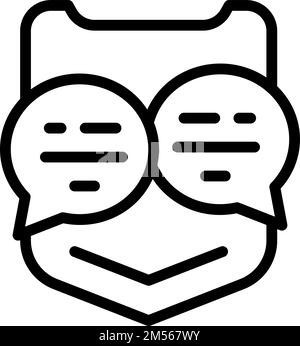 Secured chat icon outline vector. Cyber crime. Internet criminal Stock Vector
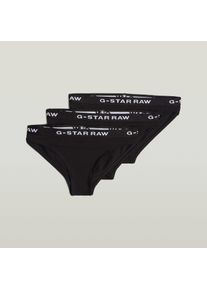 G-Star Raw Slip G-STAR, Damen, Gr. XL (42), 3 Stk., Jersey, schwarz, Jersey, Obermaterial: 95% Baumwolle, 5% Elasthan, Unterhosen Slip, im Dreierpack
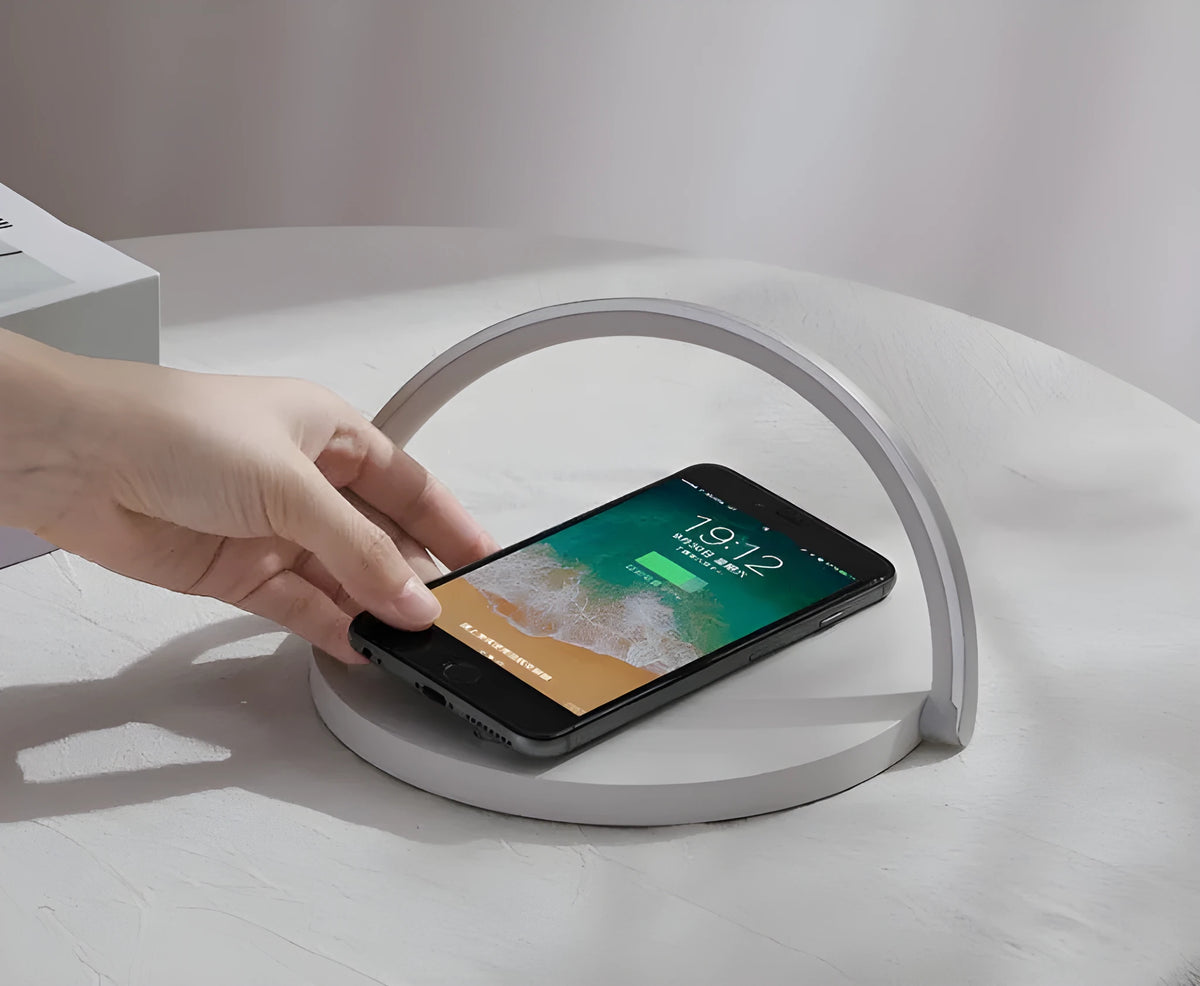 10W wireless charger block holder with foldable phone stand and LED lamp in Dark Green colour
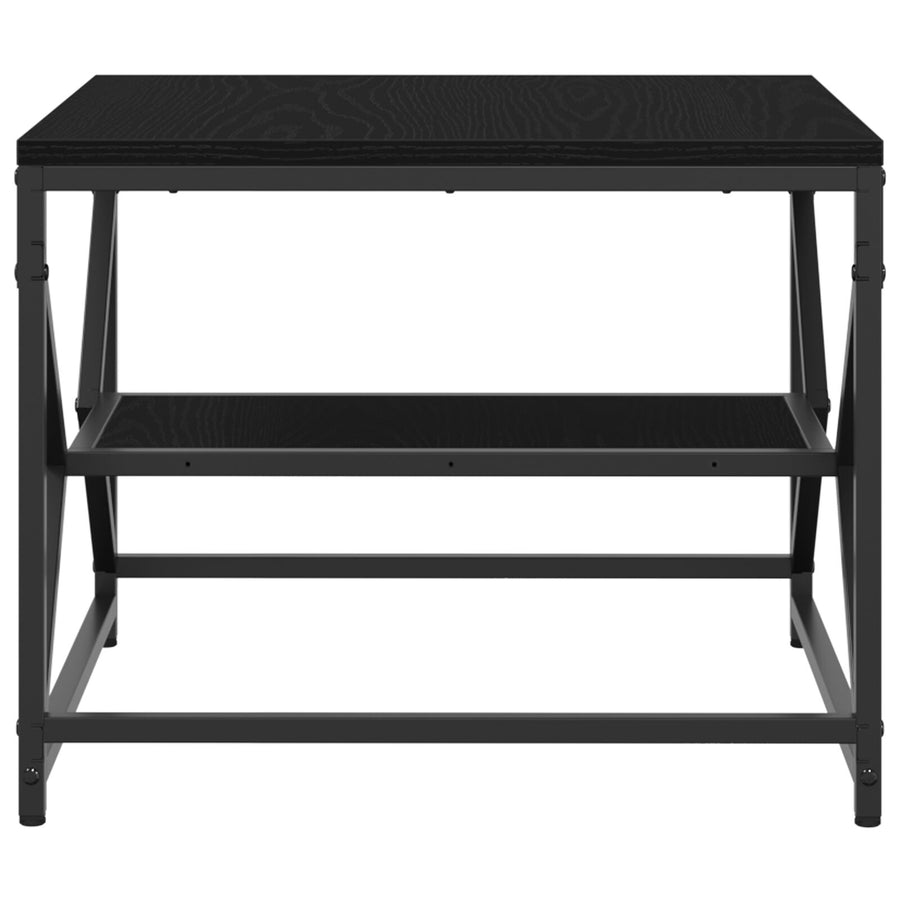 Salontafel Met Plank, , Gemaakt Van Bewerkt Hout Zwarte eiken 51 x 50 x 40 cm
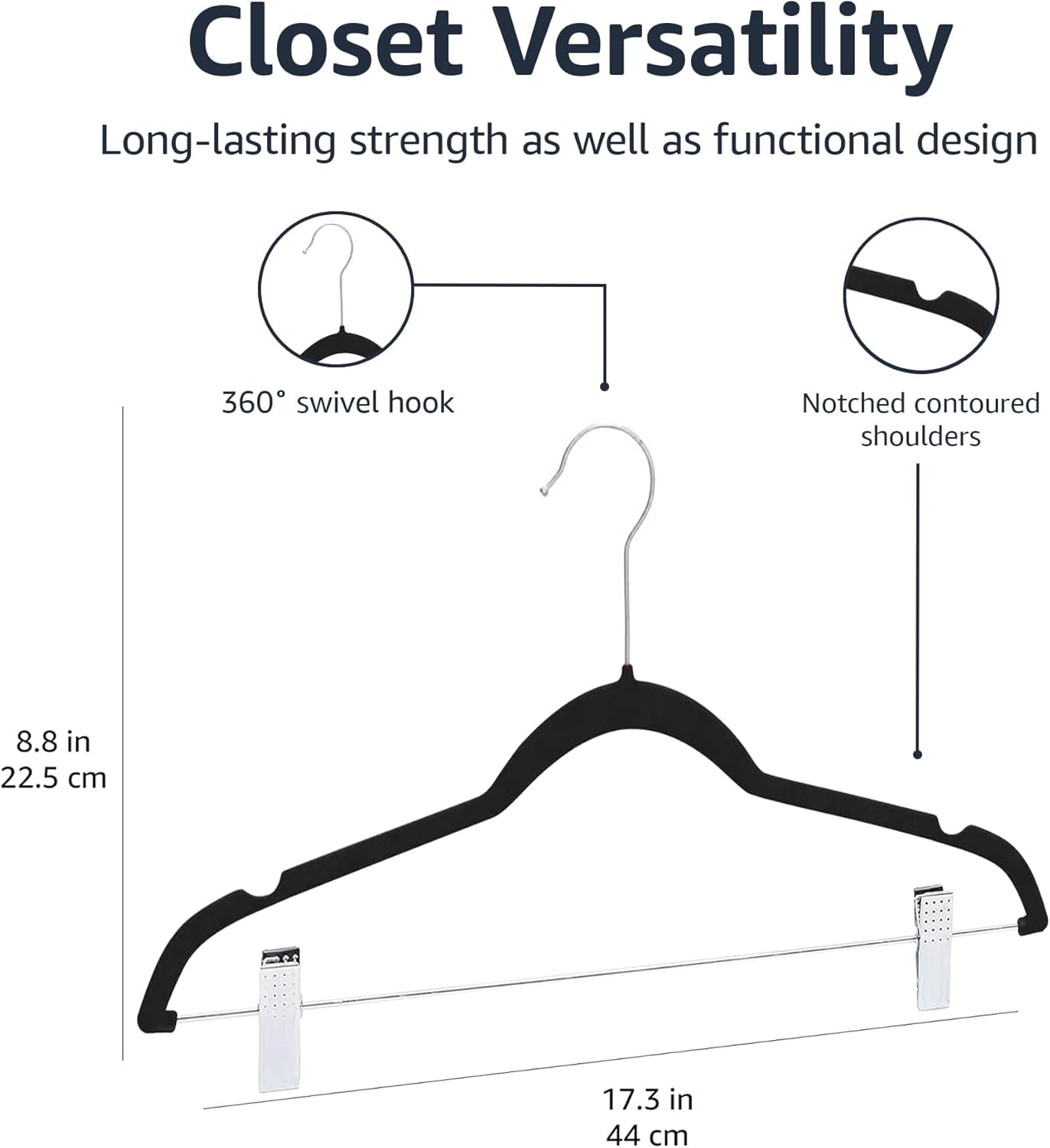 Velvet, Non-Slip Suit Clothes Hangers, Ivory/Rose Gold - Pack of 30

____________________

[ASSIGNMENT]:
Retype the entries above exactly. Stop after the line containing "G-Star Raw Slip", and omit the pictures.

[SOLVED EXERCISE]:
 Secured chat icon outline vector. Cyber crime. Internet criminal Stock Vector
 G-Star Raw Slip G-STAR, Damen, Gr. XL (42), 3 Stk., Jersey, schwarz, Jersey, Obermaterial: 95% Baumwolle, 5% Elasthan, Unterhosen Slip, im Dreierpack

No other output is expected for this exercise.